Task brief:
Set down each line of the material that follows exactly, and leave its pictures out.

Dataset excerpt:
- - - -
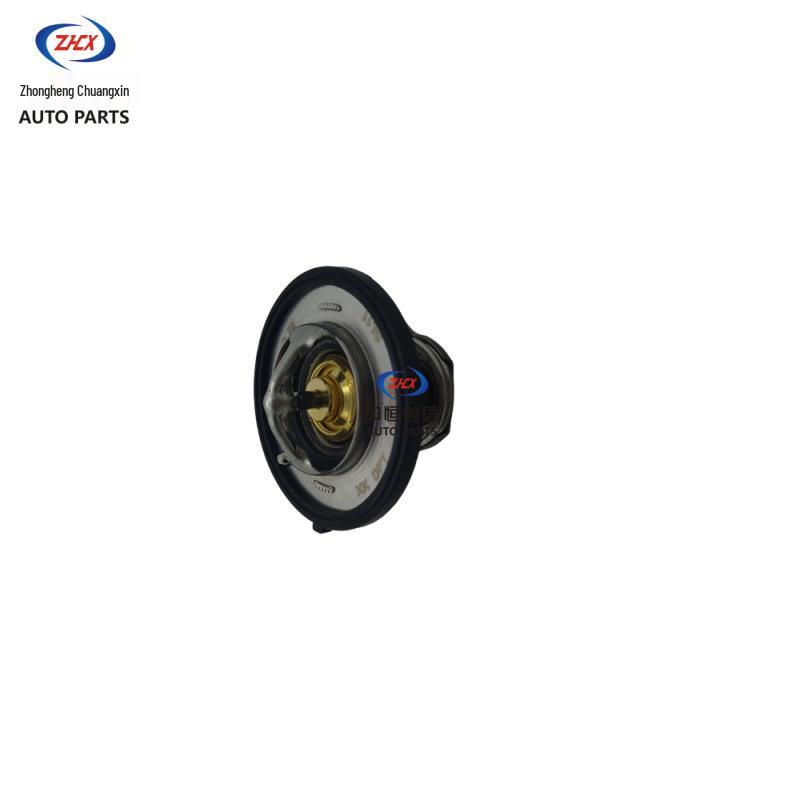 Dongfeng Xiaokang C37/C31/C32 Fengguang 330 Thermostat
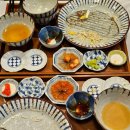 카츠센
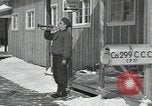 Image Civilian Conservation Corps United States USA, 1935, de la seconde 1 séquences d'archives historiques vidéo 65675074651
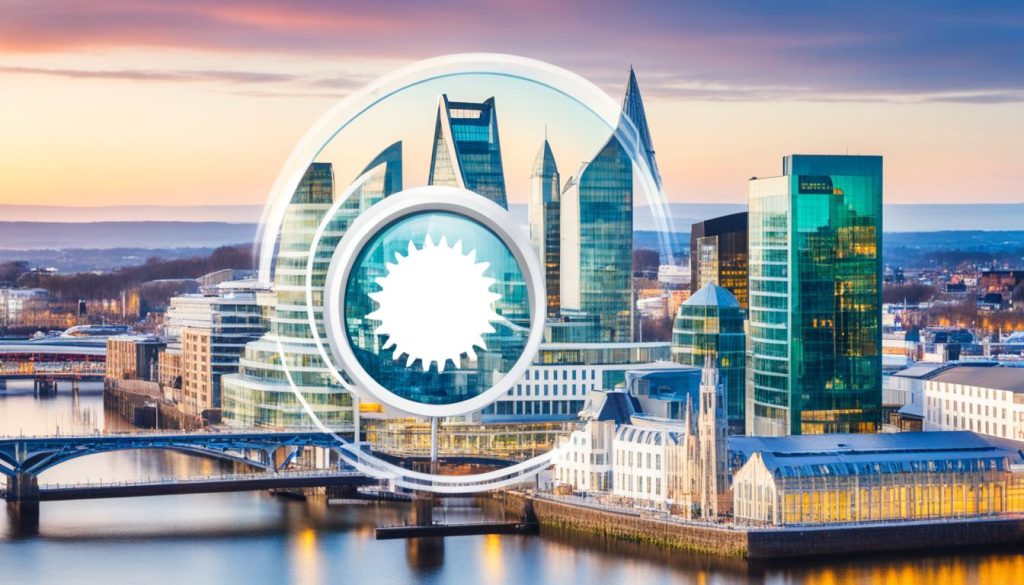 Cardiff Housekeeping Staff Agency Guide Cardiff Housekeeping Staff Agency Guide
- - - -
Answer below:
 Dongfeng Xiaokang C37/C31/C32 Fengguang 330 Thermostat
 카츠센
 Image Civilian Conservation Corps United States USA, 1935, de la seconde 1 séquences d'archives historiques vidéo 65675074651
 Cardiff Housekeeping Staff Agency Guide Cardiff Housekeeping Staff Agency Guide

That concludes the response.